EXERCISE INPUT –
[Start of Attachment]

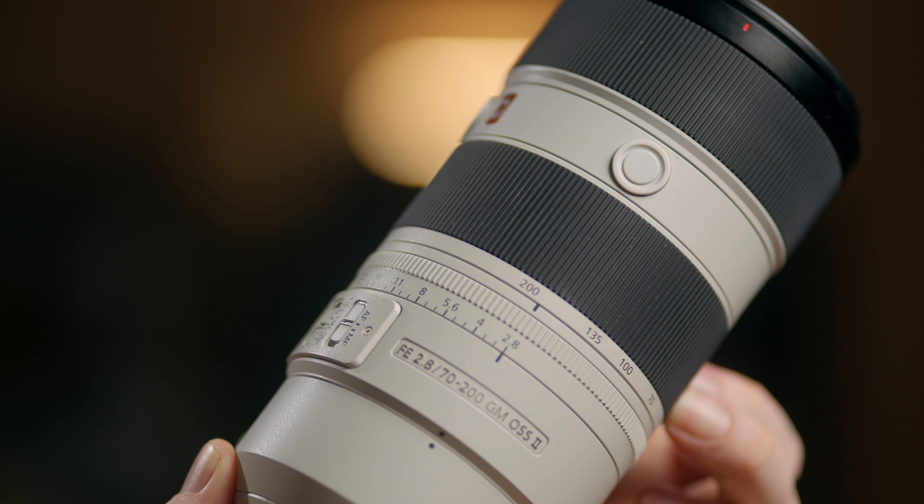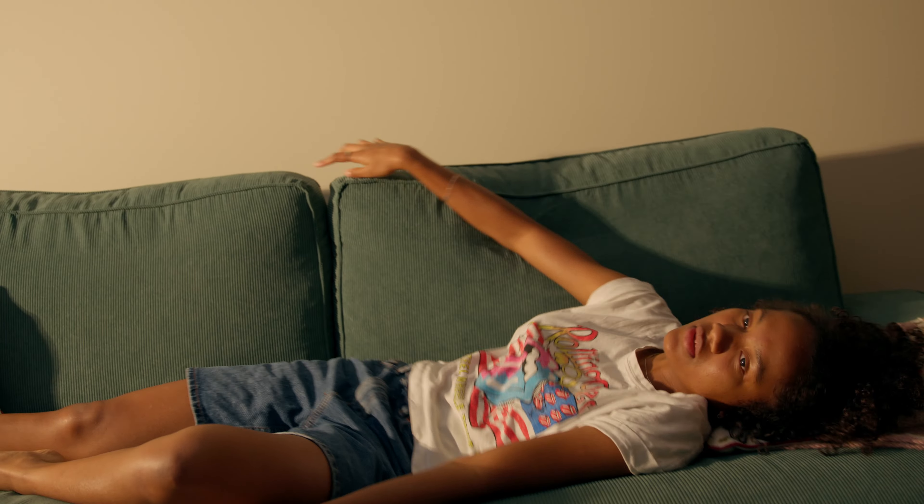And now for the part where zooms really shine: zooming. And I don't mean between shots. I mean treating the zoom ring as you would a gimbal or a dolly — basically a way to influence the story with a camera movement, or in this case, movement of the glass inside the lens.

[End of Attachment]
[Start of Attachment]

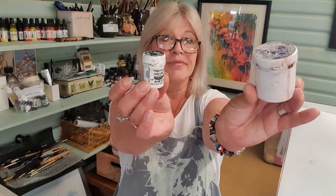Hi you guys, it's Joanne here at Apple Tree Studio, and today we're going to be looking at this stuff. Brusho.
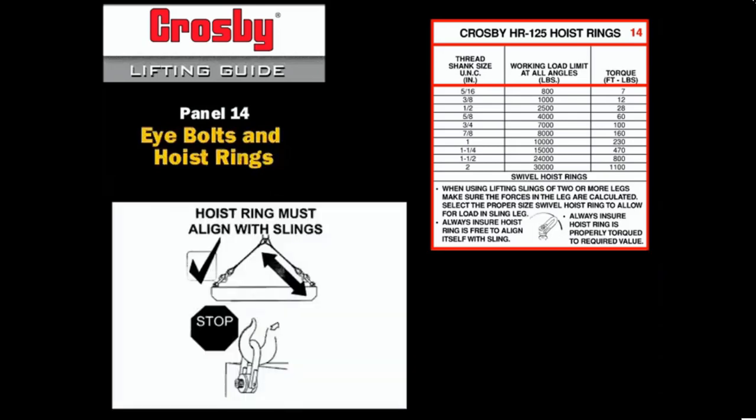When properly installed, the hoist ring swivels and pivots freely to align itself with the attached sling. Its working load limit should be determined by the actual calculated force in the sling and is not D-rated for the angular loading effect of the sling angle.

[End of Attachment]

ASSIGNMENT – For this exercise, set down the lines in the entries above from the one with "Hi you guys, it's" through the one with "When properly installed, the" exactly as written, without any pictures.

EXERCISE OUTPUT –
Hi you guys, it's Joanne here at Apple Tree Studio, and today we're going to be looking at this stuff. Brusho.
When properly installed, the hoist ring swivels and pivots freely to align itself with the attached sling. Its working load limit should be determined by the actual calculated force in the sling and is not D-rated for the angular loading effect of the sling angle.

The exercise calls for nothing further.